ABOUT THIS TASK:
Output the exact lines that start at the one containing "Reebok Adrian Peterson" and continue to the last line of the entries below; do not output pictures.
##### RECORDS FOR THE TASK #####
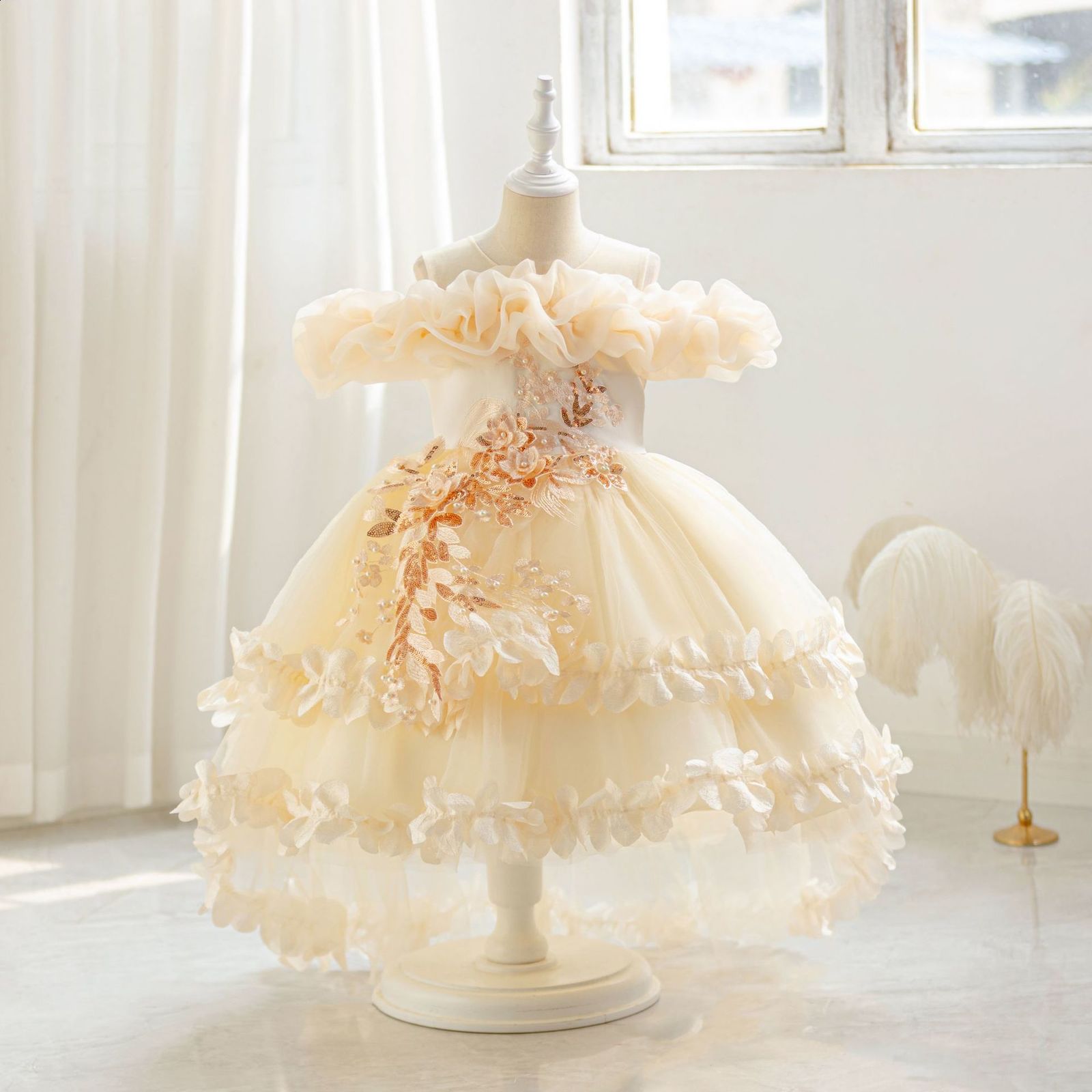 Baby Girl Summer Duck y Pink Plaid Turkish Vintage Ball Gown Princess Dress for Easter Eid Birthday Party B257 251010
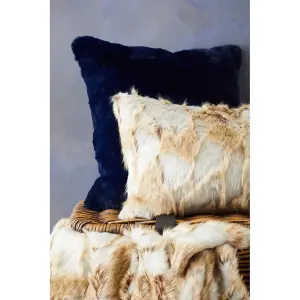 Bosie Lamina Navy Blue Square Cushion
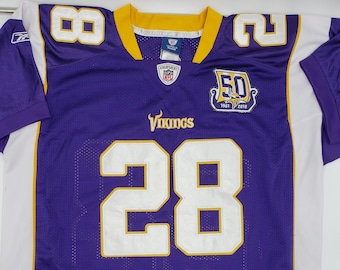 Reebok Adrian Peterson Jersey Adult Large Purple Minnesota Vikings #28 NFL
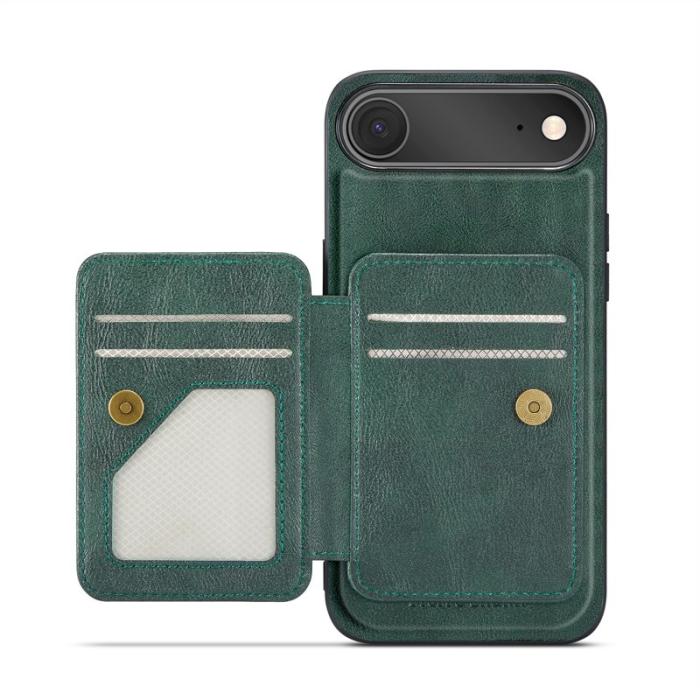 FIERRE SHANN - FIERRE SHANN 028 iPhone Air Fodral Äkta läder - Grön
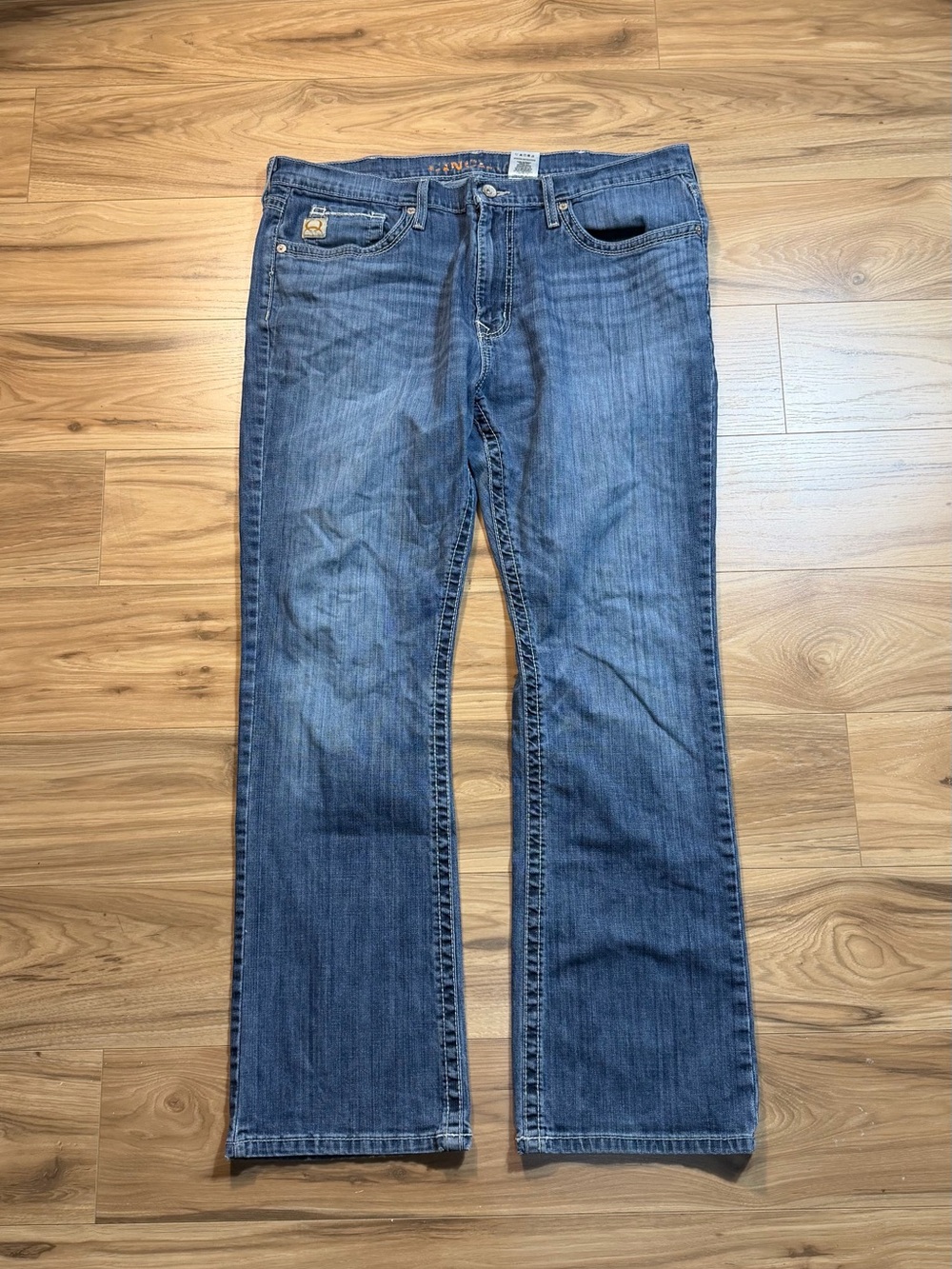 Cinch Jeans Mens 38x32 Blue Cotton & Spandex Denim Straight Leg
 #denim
#####
EXERCISE OUTPUT:
 Reebok Adrian Peterson Jersey Adult Large Purple Minnesota Vikings #28 NFL
 FIERRE SHANN - FIERRE SHANN 028 iPhone Air Fodral Äkta läder - Grön
 Cinch Jeans Mens 38x32 Blue Cotton & Spandex Denim Straight Leg
 #denim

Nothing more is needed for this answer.